Nothing is needed except the lines below that run from the one with "Little Elf - Baby" through the one with "Nylabone Powerchew Textured", repeated exactly.

* Raw data *
BEGIN
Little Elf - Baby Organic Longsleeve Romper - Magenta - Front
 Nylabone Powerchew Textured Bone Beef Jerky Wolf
END
BEGIN
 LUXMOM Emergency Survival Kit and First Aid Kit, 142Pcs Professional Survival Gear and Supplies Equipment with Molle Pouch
END
BEGIN
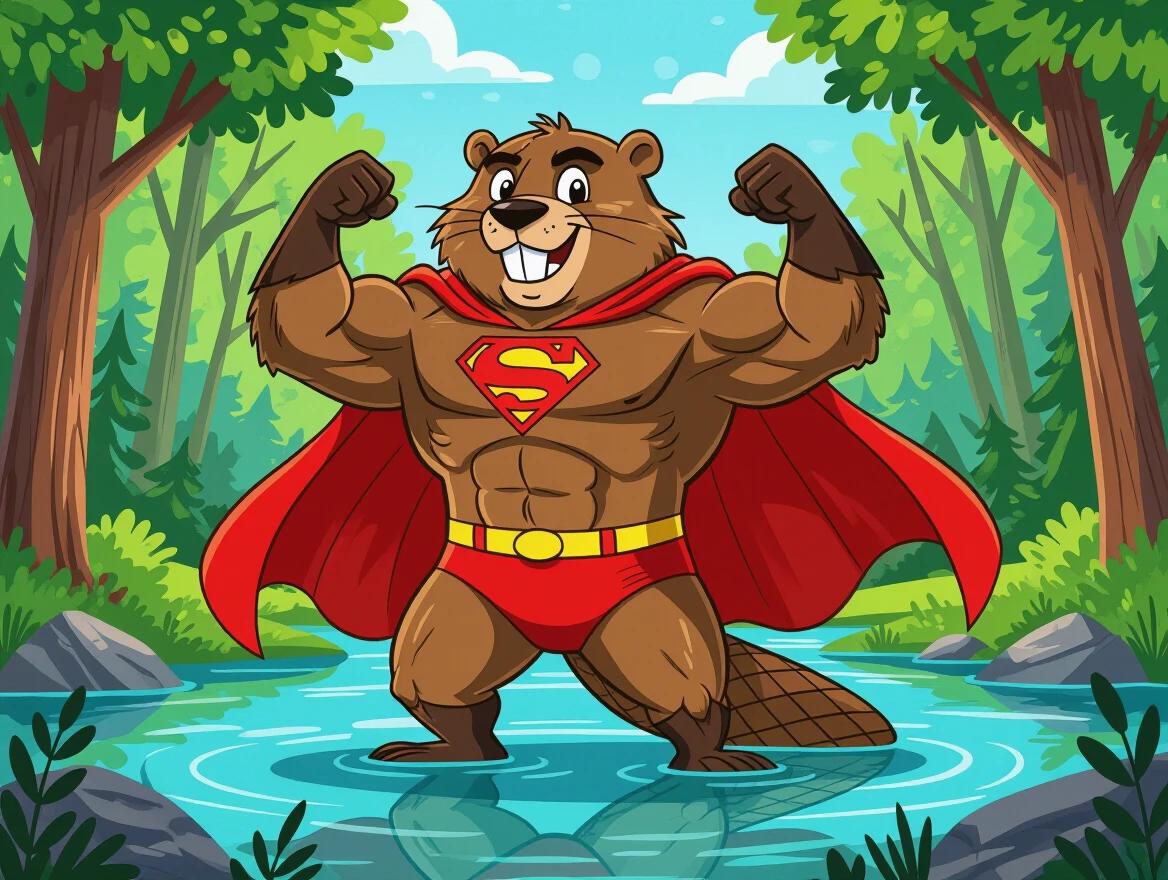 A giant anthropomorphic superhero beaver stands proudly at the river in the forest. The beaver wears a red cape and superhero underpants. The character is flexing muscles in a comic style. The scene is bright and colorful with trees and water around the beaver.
END
* Solution *
Little Elf - Baby Organic Longsleeve Romper - Magenta - Front
 Nylabone Powerchew Textured Bone Beef Jerky Wolf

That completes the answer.